=== PROBLEM TO SOLVE ===
Output exactly the span of lines beginning with the one that holds "Pilot working in" and ending with the last line of the data below.

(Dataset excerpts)

____

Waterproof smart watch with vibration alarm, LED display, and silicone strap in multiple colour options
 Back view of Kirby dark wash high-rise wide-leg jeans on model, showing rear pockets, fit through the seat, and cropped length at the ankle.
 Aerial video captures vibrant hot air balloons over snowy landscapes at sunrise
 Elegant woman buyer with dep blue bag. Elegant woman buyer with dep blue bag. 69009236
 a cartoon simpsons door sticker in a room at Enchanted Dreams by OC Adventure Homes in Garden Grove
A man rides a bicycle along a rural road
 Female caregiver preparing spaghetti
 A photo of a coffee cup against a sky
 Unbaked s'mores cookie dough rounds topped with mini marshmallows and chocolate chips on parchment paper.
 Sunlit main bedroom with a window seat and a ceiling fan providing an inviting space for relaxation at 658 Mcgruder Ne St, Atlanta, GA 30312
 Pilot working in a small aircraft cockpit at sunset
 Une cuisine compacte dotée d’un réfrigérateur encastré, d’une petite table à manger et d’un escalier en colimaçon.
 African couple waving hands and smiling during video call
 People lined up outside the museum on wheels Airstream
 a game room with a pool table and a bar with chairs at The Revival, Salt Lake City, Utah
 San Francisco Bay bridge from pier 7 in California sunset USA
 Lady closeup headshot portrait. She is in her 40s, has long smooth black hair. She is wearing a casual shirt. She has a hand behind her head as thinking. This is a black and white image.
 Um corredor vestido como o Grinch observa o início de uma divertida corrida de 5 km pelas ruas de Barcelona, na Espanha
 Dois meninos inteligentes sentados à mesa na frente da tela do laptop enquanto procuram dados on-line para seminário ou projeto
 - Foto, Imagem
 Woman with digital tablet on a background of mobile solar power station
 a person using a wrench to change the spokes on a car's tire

____

=== RESPONSE FOR THIS EXERCISE ===
 Pilot working in a small aircraft cockpit at sunset
 Une cuisine compacte dotée d’un réfrigérateur encastré, d’une petite table à manger et d’un escalier en colimaçon.
 African couple waving hands and smiling during video call
 People lined up outside the museum on wheels Airstream
 a game room with a pool table and a bar with chairs at The Revival, Salt Lake City, Utah
 San Francisco Bay bridge from pier 7 in California sunset USA
 Lady closeup headshot portrait. She is in her 40s, has long smooth black hair. She is wearing a casual shirt. She has a hand behind her head as thinking. This is a black and white image.
 Um corredor vestido como o Grinch observa o início de uma divertida corrida de 5 km pelas ruas de Barcelona, na Espanha
 Dois meninos inteligentes sentados à mesa na frente da tela do laptop enquanto procuram dados on-line para seminário ou projeto
 - Foto, Imagem
 Woman with digital tablet on a background of mobile solar power station
 a person using a wrench to change the spokes on a car's tire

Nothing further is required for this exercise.